Exercise:
Copy the records exactly, leaving out every picture.

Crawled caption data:
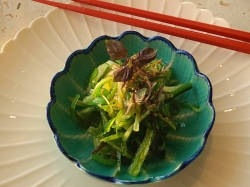 Star Princess Makoto Ocean picture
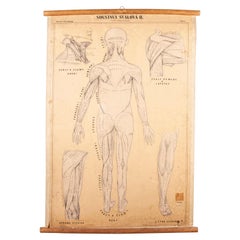 Antique Early 20th Century Czechoslovakian Educational Muscular System Chart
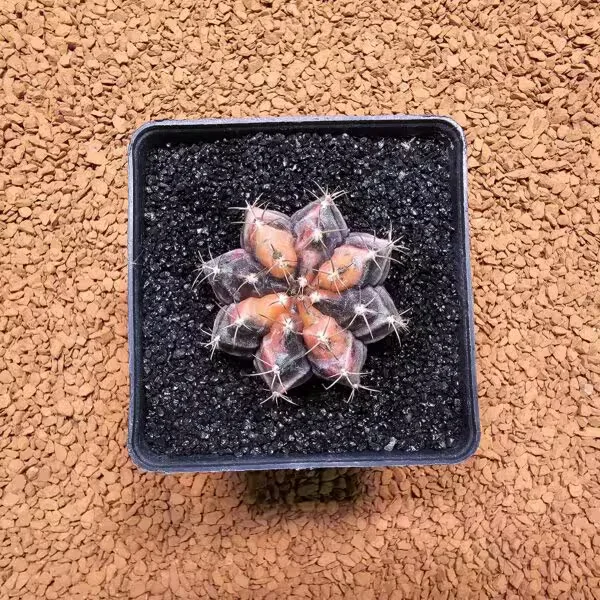 Gymnocalycium Daydream 4 cm Boyutunda Özel Tür Kaktüs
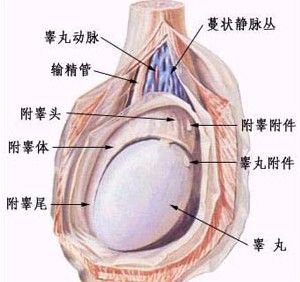 陰囊炎性癌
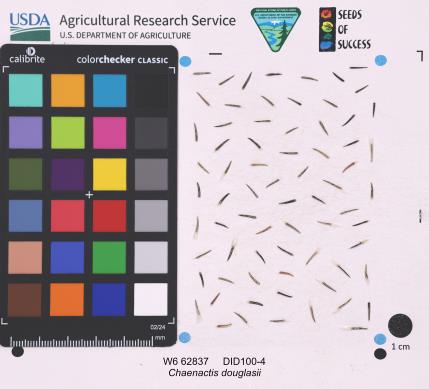 Click for 1 image(s) for this accession. SEED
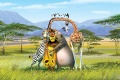 Madagascar Escape 2 Africa 2008 movie screen 1.jpg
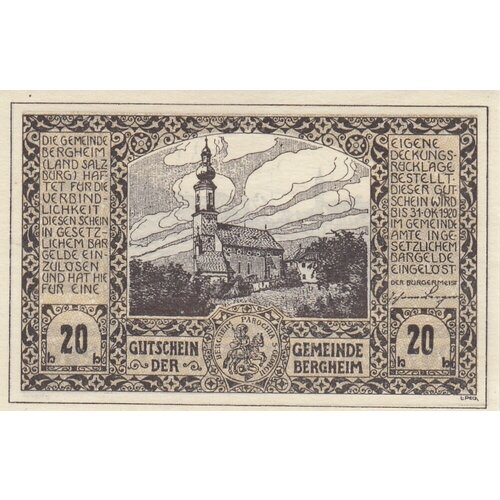 Австрия, Бергхайм 20 геллеров 1914-1920 гг. (№1) (2)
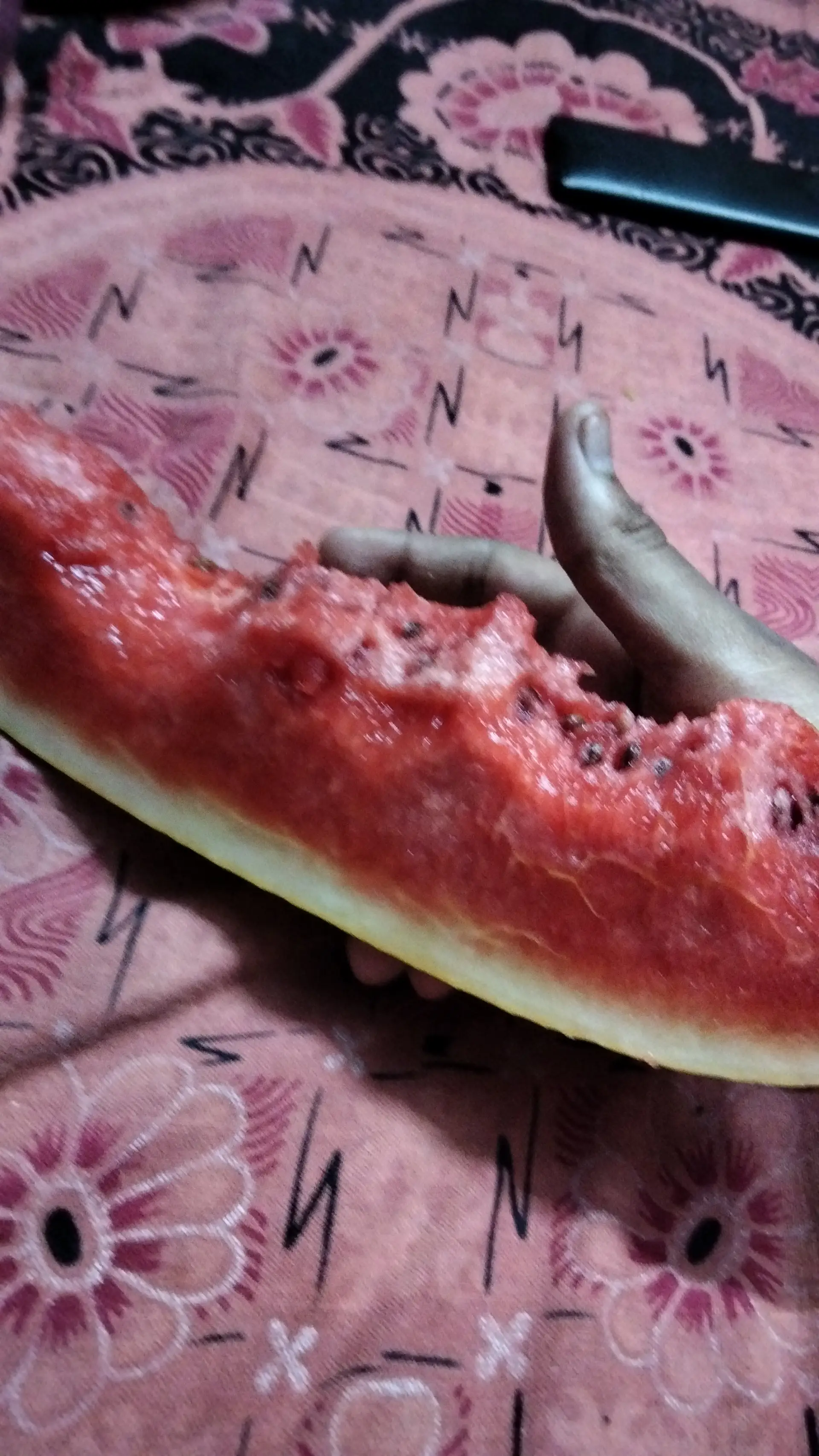 A cook's photo of Watermelon Granita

Final answer:
 Star Princess Makoto Ocean picture
 Antique Early 20th Century Czechoslovakian Educational Muscular System Chart
 Gymnocalycium Daydream 4 cm Boyutunda Özel Tür Kaktüs
 陰囊炎性癌
 Click for 1 image(s) for this accession. SEED
 Madagascar Escape 2 Africa 2008 movie screen 1.jpg
 Австрия, Бергхайм 20 геллеров 1914-1920 гг. (№1) (2)
 A cook's photo of Watermelon Granita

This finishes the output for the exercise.